╭─ DATASET RECORDS
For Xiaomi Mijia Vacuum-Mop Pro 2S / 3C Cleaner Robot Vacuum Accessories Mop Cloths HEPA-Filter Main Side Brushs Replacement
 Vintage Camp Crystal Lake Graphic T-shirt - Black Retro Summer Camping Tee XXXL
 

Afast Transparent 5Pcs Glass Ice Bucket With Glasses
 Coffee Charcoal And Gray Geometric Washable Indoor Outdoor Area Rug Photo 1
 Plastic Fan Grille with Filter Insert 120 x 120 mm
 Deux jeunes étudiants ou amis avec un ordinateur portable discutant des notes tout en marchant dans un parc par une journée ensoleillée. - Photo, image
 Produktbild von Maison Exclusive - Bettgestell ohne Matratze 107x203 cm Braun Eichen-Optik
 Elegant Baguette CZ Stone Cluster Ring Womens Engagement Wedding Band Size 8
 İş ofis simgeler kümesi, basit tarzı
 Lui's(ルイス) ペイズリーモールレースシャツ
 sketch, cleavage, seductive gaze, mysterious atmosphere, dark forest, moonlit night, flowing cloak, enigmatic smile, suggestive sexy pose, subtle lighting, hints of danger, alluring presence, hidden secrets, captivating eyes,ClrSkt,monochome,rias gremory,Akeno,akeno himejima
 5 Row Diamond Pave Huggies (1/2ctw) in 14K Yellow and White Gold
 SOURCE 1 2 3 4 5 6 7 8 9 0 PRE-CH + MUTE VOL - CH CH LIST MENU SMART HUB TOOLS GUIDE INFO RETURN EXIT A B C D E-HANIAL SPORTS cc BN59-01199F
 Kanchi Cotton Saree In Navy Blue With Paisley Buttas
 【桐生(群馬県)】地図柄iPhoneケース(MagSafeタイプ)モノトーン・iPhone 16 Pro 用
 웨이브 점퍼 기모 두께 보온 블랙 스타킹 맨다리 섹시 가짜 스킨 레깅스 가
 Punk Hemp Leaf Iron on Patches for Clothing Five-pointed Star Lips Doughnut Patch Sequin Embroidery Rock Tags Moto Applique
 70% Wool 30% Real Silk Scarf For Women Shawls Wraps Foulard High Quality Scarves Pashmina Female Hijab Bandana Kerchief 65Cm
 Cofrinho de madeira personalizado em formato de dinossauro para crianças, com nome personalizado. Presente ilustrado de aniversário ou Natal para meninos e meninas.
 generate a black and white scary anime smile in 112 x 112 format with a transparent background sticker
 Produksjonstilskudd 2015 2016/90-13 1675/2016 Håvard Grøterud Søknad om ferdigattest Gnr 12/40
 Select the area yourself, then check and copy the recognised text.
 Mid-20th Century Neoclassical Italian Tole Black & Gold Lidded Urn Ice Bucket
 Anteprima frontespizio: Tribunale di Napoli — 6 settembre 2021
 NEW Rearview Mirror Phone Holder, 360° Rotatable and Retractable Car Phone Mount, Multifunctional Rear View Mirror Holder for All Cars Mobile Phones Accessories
╰─
* YOUR TASK *
After reading through the material, report every line that holds "Accessories".

* TASK ANSWER *
For Xiaomi Mijia Vacuum-Mop Pro 2S / 3C Cleaner Robot Vacuum Accessories Mop Cloths HEPA-Filter Main Side Brushs Replacement
 NEW Rearview Mirror Phone Holder, 360° Rotatable and Retractable Car Phone Mount, Multifunctional Rear View Mirror Holder for All Cars Mobile Phones Accessories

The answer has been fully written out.